What I didn’t like so much:

- The romance. I’m not particularly keen on romance in general, for starters— in my experience 90% of such subplots, when they happen in stories whose main genre is not romance, are there because it’s what people (or the market, or publishing houses, I’m never really sure) expect. As a result, the romance feels forced, and that’s the feeling I got here. I didn’t particularly care about Imogen having a crush, all the more since it led to some screen time being used up for conversations about boys and should-I-oh-no-I-don’t-dare. As for the romance between Far and Priya, it was announced very suddenly, its beginnings happened off-scene, and I never felt any real chemistry between these two. In a story revolving around an all-for-one type of crew, friendship all the way would’ve worked better for me.

- The lull mid-book, the part where they go to Las Vegas. Partly because of the romance-related conversations, partly because I wanted to shout ‘Seriously, characters, is partying and getting drunk the best you can do right now?’

- Some other aspects of the world building. Yes, I know I partially liked it. However, some elements were there for… no reason? Example: How can Priya be 17-18 and already a full-fledged medic, with mechanic skills to boot? When did she got time to learn all that? Or why do they eat synthetic food, why is ice cream so expensive? I felt the latter points were here to give a ‘science-fictiony’ sheen, but without explanations about why the world came to be like that, I can never fully buy it. (I’m not asking for a treaty about 24th century economics, but at least a couple of lines about the whys would be nice.)

- Part of the plot when it comes to Eliot’s involvement. First, it’d have been good to see a couple of successful heists before she appeared, so that the disruption she created would be even stronger. Second, the true reason for her presence is somewhat complicated, and may have worked better with a little more development. An example of what I felt rushed with that is how easily an antagonist character convinces other antagonist characters to work with him, towards the end, in order to stop her; it happened very quickly, wasn’t very convincing, and anyway, why didn’t he enlist his own after that, to add a strike force he could fully control?
(Side note: I found the names they used very confusing. I could deal with the endings, like FLT6, but the whole strings of numbers in the middle… I kept trying to imagine the conversation with Eliot speaking these numbers, and I’m surprised she didn’t make a mistake every two sentences when using those.)
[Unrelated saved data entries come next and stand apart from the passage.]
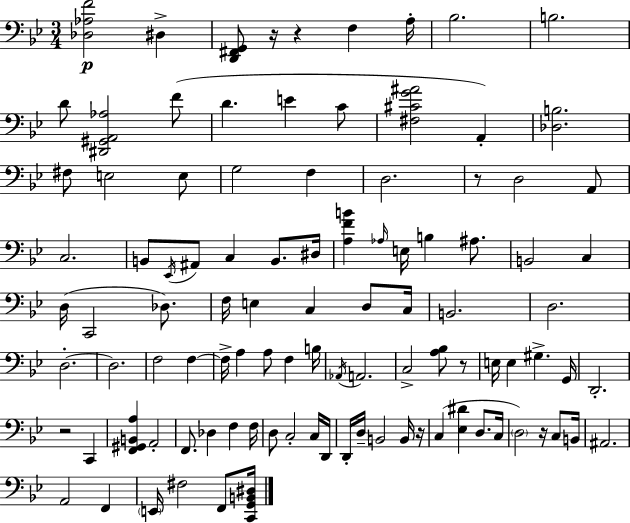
{
  \clef bass
  \numericTimeSignature
  \time 3/4
  \key bes \major
  <des aes f'>2\p dis4-> | <d, fis, g,>8 r16 r4 f4 a16-. | bes2. | b2. | \break d'8 <dis, gis, a, aes>2 f'8( | d'4. e'4 c'8 | <fis cis' g' ais'>2 a,4-.) | <des b>2. | \break fis8 e2 e8 | g2 f4 | d2. | r8 d2 a,8 | \break c2. | b,8 \acciaccatura { ees,16 } ais,8 c4 b,8. | dis16 <a f' b'>4 \grace { aes16 } e16 b4 ais8. | b,2 c4 | \break d16( c,2 des8.) | f16 e4 c4 d8 | c16 b,2. | d2. | \break d2.-.~~ | d2. | f2 f4~~ | f16-> a4 a8 f4 | \break b16 \acciaccatura { aes,16 } a,2. | c2-> <a bes>8 | r8 e16 e4 gis4.-> | g,16 d,2.-. | \break r2 c,4 | <f, gis, b, a>4 a,2-. | f,8. des4 f4 | f16 d8 c2-. | \break c16 d,16 d,16-. d16-- b,2 | b,16 r16 c4( <ees dis'>4 d8. | c16 \parenthesize d2) r16 | c8 b,16 ais,2. | \break a,2 f,4 | \parenthesize e,16 fis2 | f,8 <c, g, b, dis>16 \bar "|."
}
- The characters, outside of their role as a group. As a crew, I thought they functioned together well; but as individuals, they felt flatter. They have their quirks, sure (Imogen dying her hair, Gram and his games), but quirks don’t make a full-fledged character. I didn’t really like Far, he had too much of the ‘strong ego/insufferable’ vibe without enough of the ‘dashing captain/charisma’ vibe, so to speak. Also, I would’ve liked to see more of Gram, for some reason I liked him best.

Conclusion: Cool concepts, with good action scenes. The book was an entertaining read, although it failed in other parts.